LONDON — The British government has awarded industry 350 million pounds ($553.5 million) in contracts to continue design work on the Royal Navy’s replacement for its current nuclear missile-equipped submarines.
BAE Systems was the main beneficiary of the May 22 contract announcement by the Ministry of Defence. The submarine builder accounted for 328 million pounds of the spending, while Babcock secured a 15 million pound deal on designing parts of the in-service support and nuclear reactor builder Rolls-Royce has been awarded a 4 million pound contract.
The contracts are part of a 3 billion pound design effort the MoD announced 12 months ago.
Defence Secretary Philip Hammond said the contracts were an “important step” toward renewing the U.K.’s nuclear deterrent.

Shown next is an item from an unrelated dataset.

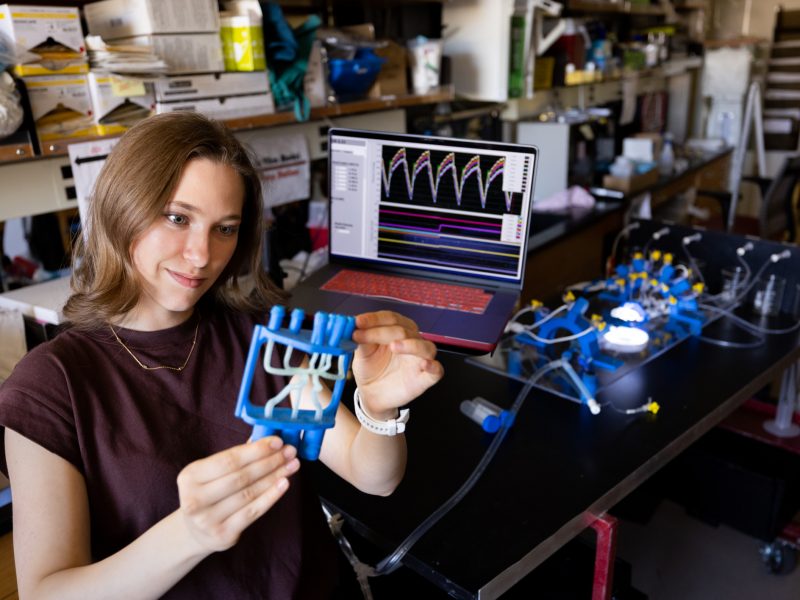 Student researcher working with equipment.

Britain is in the early stages of designing a new submarine to replace its four Vanguard-class boats. The first of the new Successor program submarines is due to be delivered to the Royal Navy in 2028. The submarine is expected to provide the deterrent capability into the 2060s. A final decision on the design and build program for the Trident missile-equipped submarine is not scheduled to be made until 2016.
No decision has been announced on whether the British will build three or four new submarines.
BAE is currently building the seven-strong Astute class of nuclear attack submarines for the Royal Navy at its yard in Barrow-in-Furness, northeast England.
John Hudson, the managing director for BAE’s submarine building operation, said the new deal was a key step in sustaining and growing jobs and skills through the Astute program and into the Successor effort.
The design contracts awards come as the Conservative-led coalition government continues a review into alternative, less expensive ways of maintaining the nuclear deterrent to appease its junior partners, the Liberal Democrats. A report is expected later this year.
Last week, the MoD announced it was spending 5 billion pounds over five years at the Atomic Weapons Establishment to help keep the existing warhead used on Trident in service, as well as retain the ability to design and build a new warhead. About 40 percent of the spending is on capital projects.